:: Exercise directions ::
The answer should consist of each line below that contains the word "Dress".

:: Dataset ::
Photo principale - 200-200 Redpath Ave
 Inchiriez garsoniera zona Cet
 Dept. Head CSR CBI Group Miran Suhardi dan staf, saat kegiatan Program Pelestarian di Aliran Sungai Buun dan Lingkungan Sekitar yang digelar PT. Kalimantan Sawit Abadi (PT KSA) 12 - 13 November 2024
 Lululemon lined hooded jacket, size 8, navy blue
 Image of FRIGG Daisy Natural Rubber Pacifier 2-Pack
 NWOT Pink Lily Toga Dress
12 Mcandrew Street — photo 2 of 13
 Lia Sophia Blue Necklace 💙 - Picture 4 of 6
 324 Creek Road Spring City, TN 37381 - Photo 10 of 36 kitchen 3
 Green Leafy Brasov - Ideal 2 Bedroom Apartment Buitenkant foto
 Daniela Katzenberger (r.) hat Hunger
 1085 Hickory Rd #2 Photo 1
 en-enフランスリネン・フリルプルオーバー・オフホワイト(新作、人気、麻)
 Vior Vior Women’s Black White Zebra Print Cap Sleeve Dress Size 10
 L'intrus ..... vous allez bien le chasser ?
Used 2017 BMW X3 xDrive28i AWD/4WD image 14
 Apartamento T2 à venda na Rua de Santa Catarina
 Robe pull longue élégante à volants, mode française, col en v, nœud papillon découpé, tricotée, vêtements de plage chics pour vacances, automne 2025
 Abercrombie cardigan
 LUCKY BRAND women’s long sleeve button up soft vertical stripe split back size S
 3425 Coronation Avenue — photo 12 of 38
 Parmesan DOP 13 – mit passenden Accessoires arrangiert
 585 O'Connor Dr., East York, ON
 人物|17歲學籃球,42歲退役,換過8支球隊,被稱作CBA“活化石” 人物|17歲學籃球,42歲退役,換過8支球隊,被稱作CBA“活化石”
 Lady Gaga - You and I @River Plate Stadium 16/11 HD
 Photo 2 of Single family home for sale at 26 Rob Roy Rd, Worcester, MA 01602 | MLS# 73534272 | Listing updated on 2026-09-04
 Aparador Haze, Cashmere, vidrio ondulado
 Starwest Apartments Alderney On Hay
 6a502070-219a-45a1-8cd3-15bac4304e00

:: Finished exercise ::
 NWOT Pink Lily Toga Dress
 Vior Vior Women’s Black White Zebra Print Cap Sleeve Dress Size 10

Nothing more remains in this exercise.